[Material supplied — start]
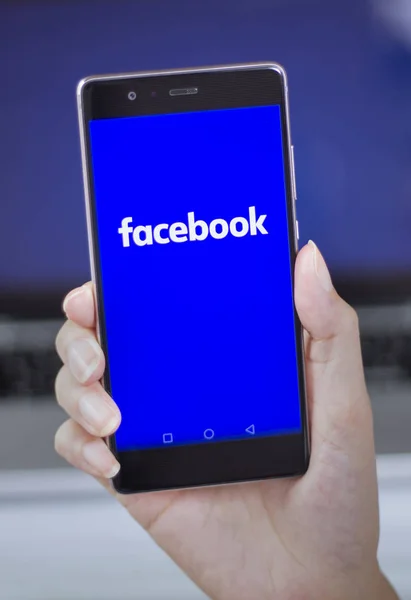Mobilní aplikace Facebook — Stock fotografie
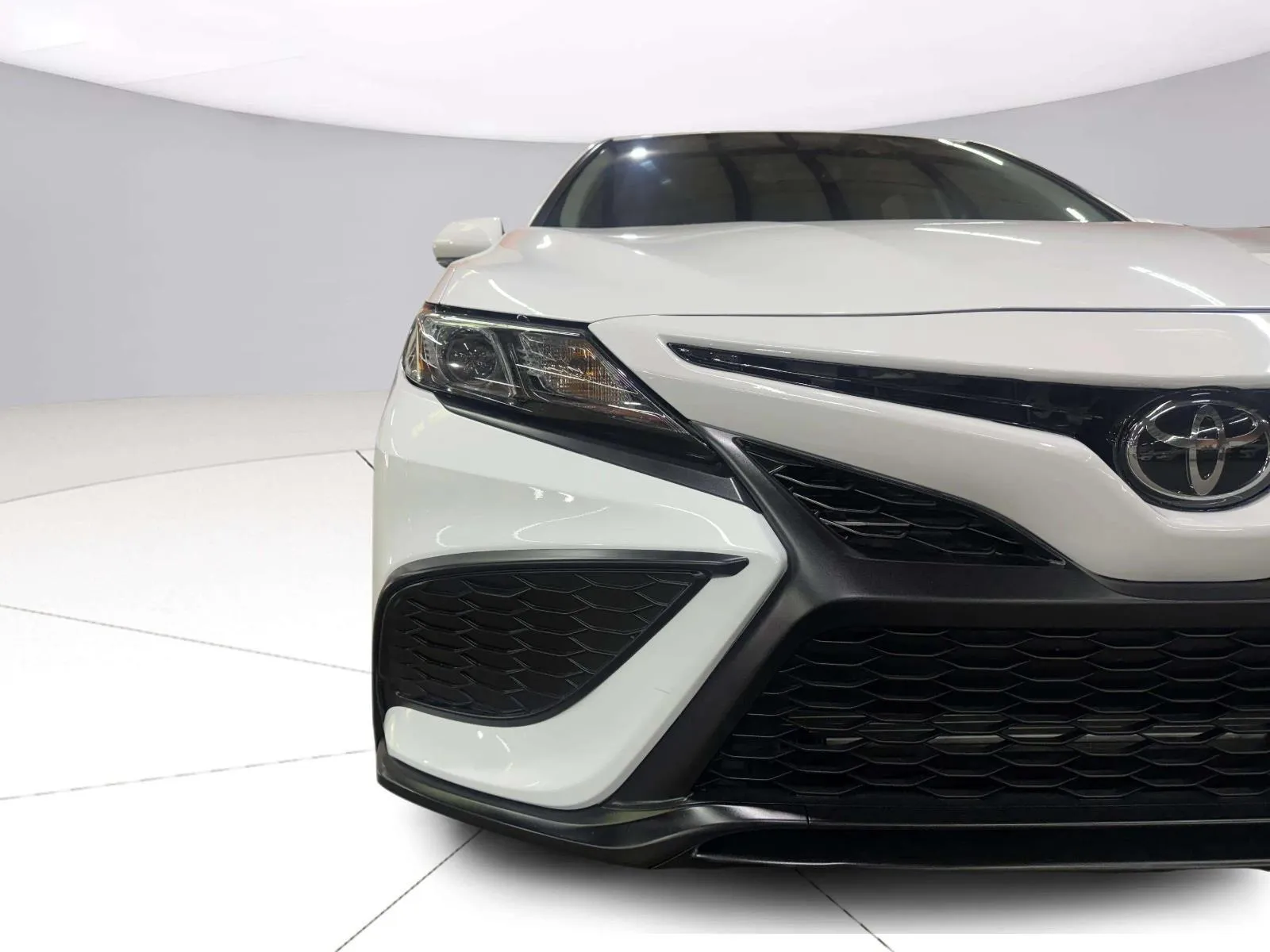 Toyota Camry photo 12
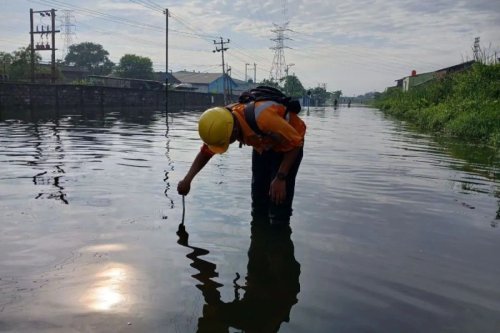 kereta api, banjir, banjir di Semarang, perjalanan kereta api, KA Blambangan Ekspres, daop 9 jember, KA Pandalungan, Semarang Masih Banjir, Perjalanan KA Pandalungan dan KA Blambangan Ekspres Terganggu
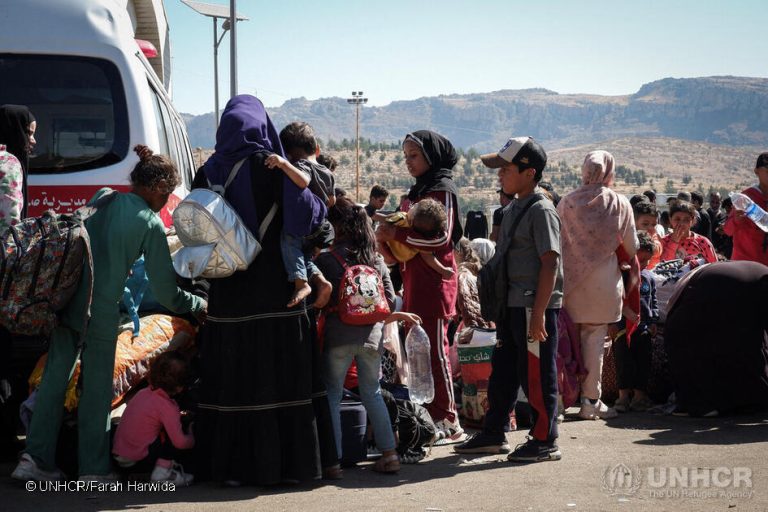 Al menos 25 muertos mientras en bombardeos en Siria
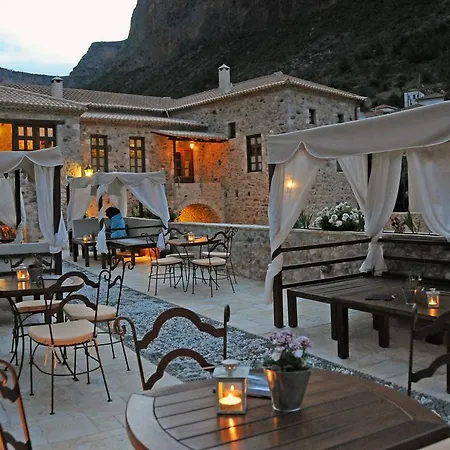 Archontiko Hatzipanayioti Hotel Leonídion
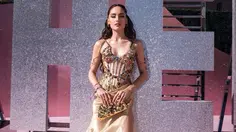 Pesona Cinta Laura di Victoria’s Secret Fashion Show 2026, Kenakan Gaun Desainer Indonesia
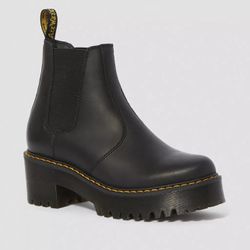 ROMETTY WYOMING LEATHER PLATFORM CHELSEA BOOTS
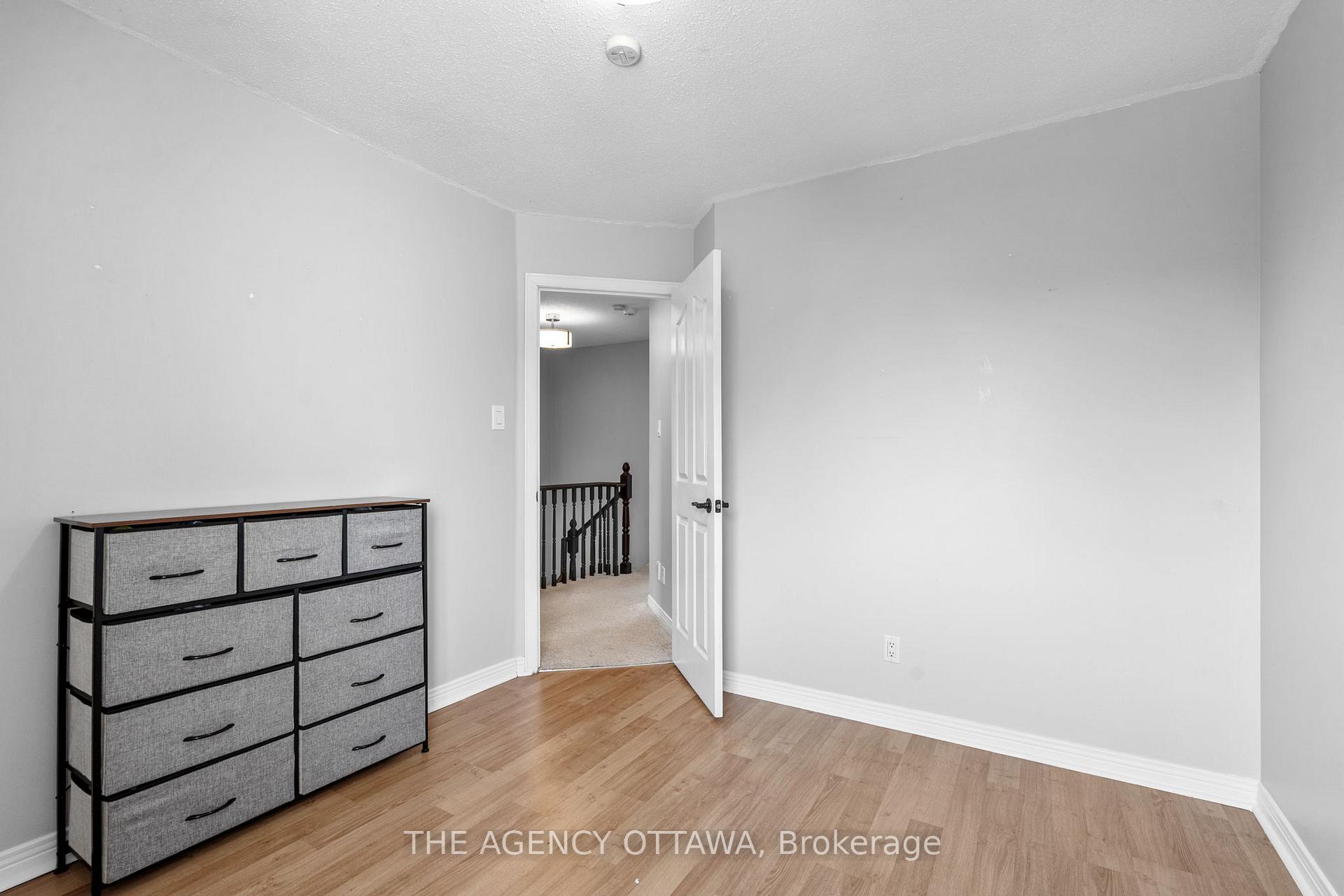 Photo 32 of 32 Bridgestone Drive, Ottawa, Kanata - Emerald Meadows/Trailwest — HOMEH
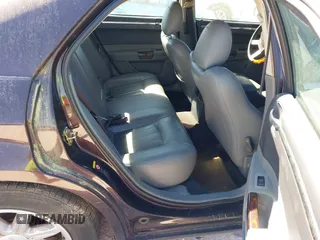 2005 Chrysler 300 with VIN 2C3AA63H75H577363, listed as a IAAI auction lot 41892999 with 229,634 mi miles. Bid and sale history available at carsss.com. Image 8.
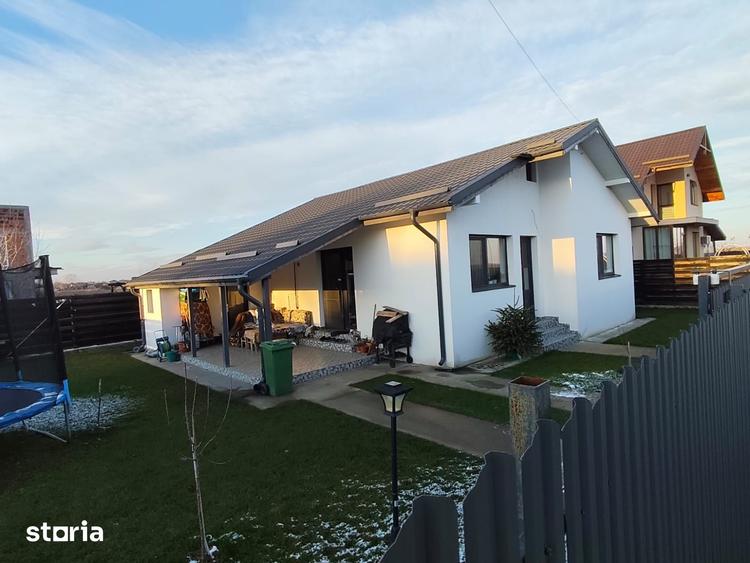 Casă cu 3 camere cu Teren 344 Mp în Cosoba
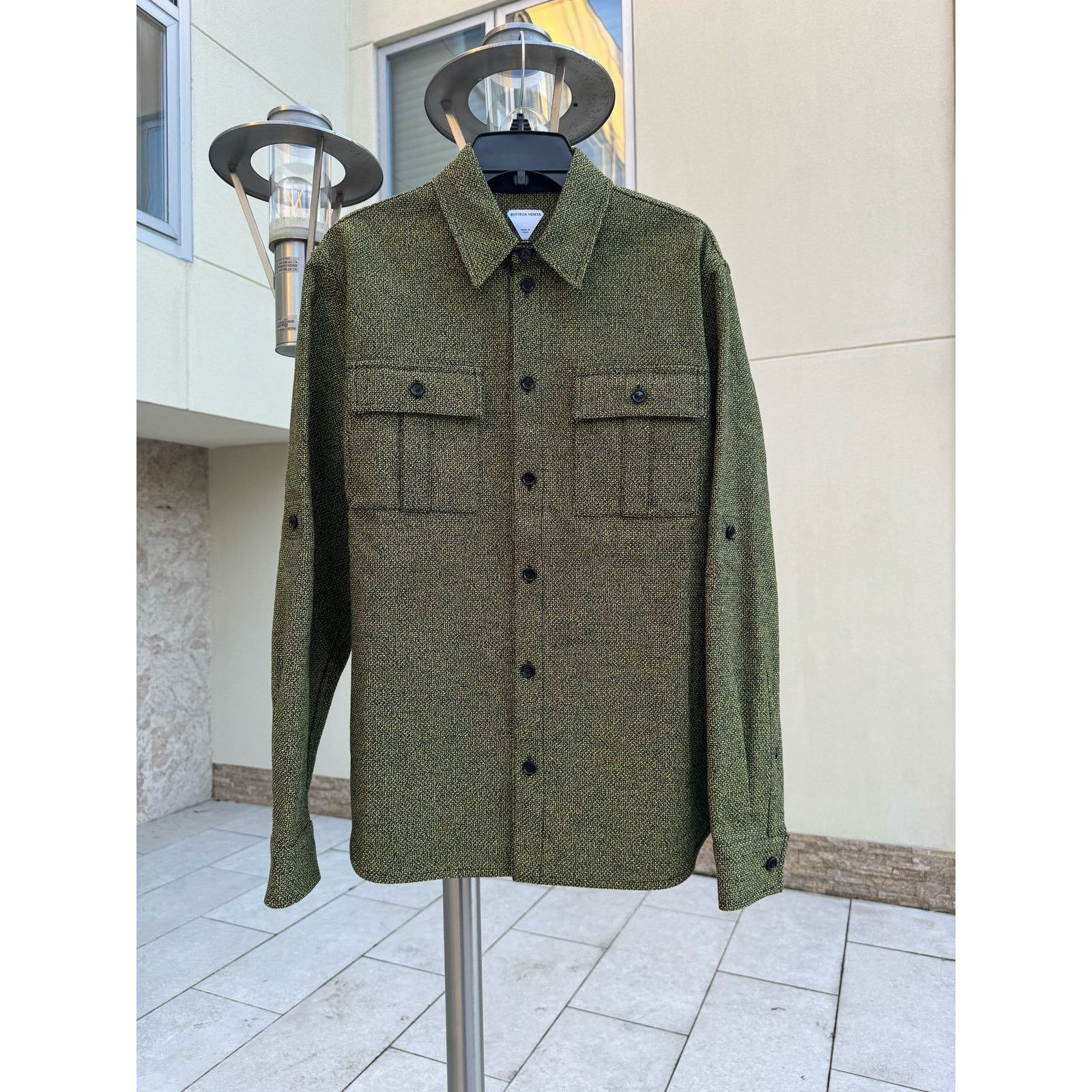 Bottega Veneta o1rshd1 Textured Cotton Mouline Shirt in Black/Yellow Size US M / EU 48-50 / 2 - 1 Thumbnail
[Material supplied — finish]
- _Task prompt_
Starting with the line that holds "Pesona Cinta Laura", reproduce exactly each line up to and including the last line of the material above, and drop the pictures.

- _Task output_
 Pesona Cinta Laura di Victoria’s Secret Fashion Show 2026, Kenakan Gaun Desainer Indonesia
 ROMETTY WYOMING LEATHER PLATFORM CHELSEA BOOTS
 Photo 32 of 32 Bridgestone Drive, Ottawa, Kanata - Emerald Meadows/Trailwest — HOMEH
 2005 Chrysler 300 with VIN 2C3AA63H75H577363, listed as a IAAI auction lot 41892999 with 229,634 mi miles. Bid and sale history available at carsss.com. Image 8.
 Casă cu 3 camere cu Teren 344 Mp în Cosoba
 Bottega Veneta o1rshd1 Textured Cotton Mouline Shirt in Black/Yellow Size US M / EU 48-50 / 2 - 1 Thumbnail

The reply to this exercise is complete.